I just wanted to say how happy and proud I am that NYHFA Poughkeepsie has taken off. This is our first official spin-off and it's been a long time in the making.

It's not easy for a student to reach the required level to teach NYHFA's curriculum. Such a student has to have a deep knowledge and understanding of not only the techniques themselves but the principles and body mechanics that go behind each one and make the difference between simply going through the motions and being able to perform a technique under the stress of a life or death struggle at full intensity. He or she has to be a very competent free fencer, someone who can challenge the best the community has to offer and must to be able to cut (tatami) to very high standards of consistency, accuracy, power and control.

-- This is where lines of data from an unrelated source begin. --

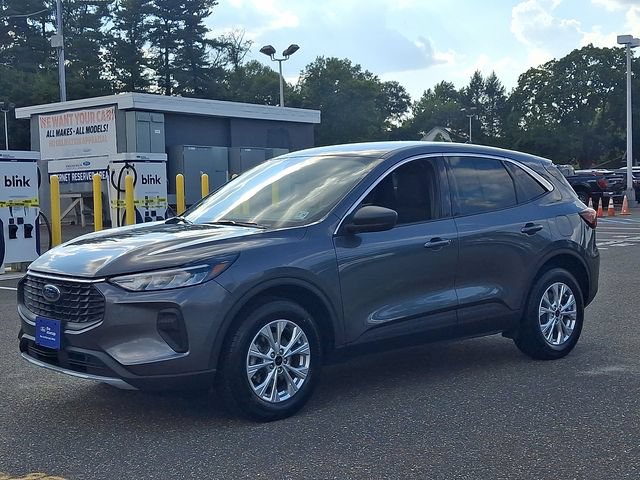 Certified 2023 Ford Escape Active w/ Tech Pack #1 AWD/4WD image 3
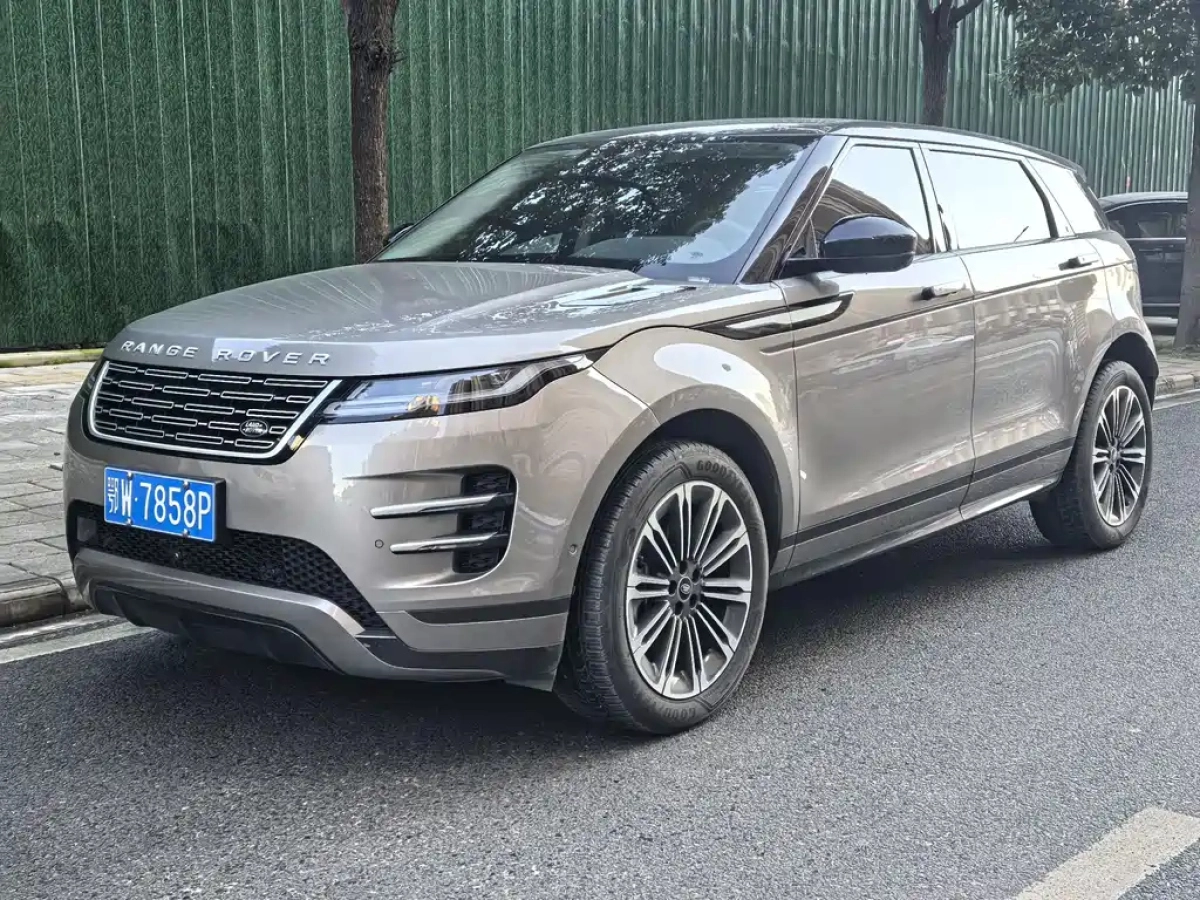 LAND ROVER RANGE ROVER EVOQUE  2024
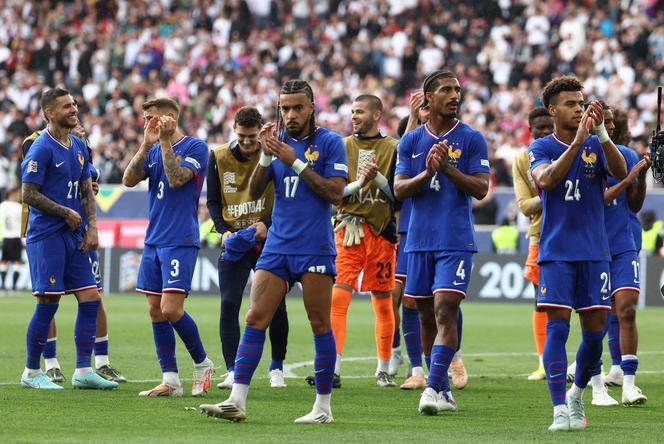 Les joueurs de l’équipe de France après leur victoire contre l’Allemagne en Ligue des nations à Stuttgart, le 8 juin 2025.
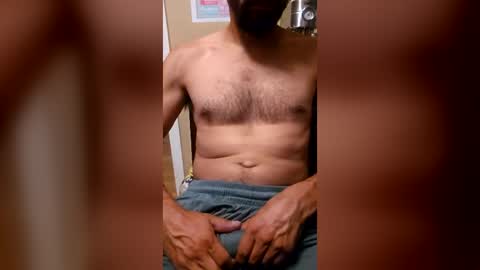Snapshot of andyroony chatting on 06-17-26, 07:33 andyroony online show from 06-17-26, 07:33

For the last few years Tristan has travelled 3 hours each way from Poughkeepsie to Brooklyn to train here in the main branch and almost never missed a class. He exemplifies the qualities of a great student and instructor: humility, integrity, dedication and perseverance. What you will learn in NYHFA Poughkeepsie fully meets NYHFA standards, but it is not just a rehash of what I teach. Tristan does what any good martial artist does, he learns the material and then makes it his own. That’s probably the most important quality in any instructor.
Congrats to you both! Is there a website up for the Poughkeepsie branch?
Tim Hall wrote:
Congrats to you both! Is there a website up for the Poughkeepsie branch?


Thanks!

No separate site. Our website covers both locations.
Also congratulations on the new branch. :) :cool:

Reading a bit on your site's Blog I sort of agree about the general idea that techniques in themselves are not the art but become useful to those who already know how to fight. ( Well, at least in period, many things that seem hard to pin down where obvious to people experienced with real fighting physically and in mindset ).

Techniques are like knowing the alphabet: You can't write without knowing your letters but you are only really writing when you can use them to make words, write sentences and paragraph and actually have something to say.

So as important as it is to learn your alphabet ( sword techniques ) actual fighting is all in the intent ( kill & not be killed ) and situational awareness and the techniques are your work tools and not the skill and artistry in using the tools.

( Hope this doesn't sound too abstract or pretentious or that I'm any good at it, but I have been sort of thinking about this for a while that one starts naively spontaneous when one starts learning, then one gets really stiff learning " parroting " techniques and one eventually stop thinking about techniques during the fight but now one is using an " educated " spontaneity.

As " Yoda " might say " Do not try, DO ".
Hi Jean,

The way I see it, the techniques in the manuals are like complicated words...heterogeneous, accretion, truncation, concatenation, etc. These words are meant for people who already know how to speak English quite well.

Someone who takes the manuals and starts parotting the techniques is saying these words, and eventually learning what they mean, but without speaking the rest of the language. So if I show this person a mixture of different kinds of substances, they will smile and say "heterogeneous!" But if I say, "So hey bud, how ya doin'?" they will stare at me blankly, not understanding.

You can imagine how such a person would talk. I believe this is why some of the free fencing we see is so detached from reality, such as people walking into a bind because they don't know how to fight outside of one, etc.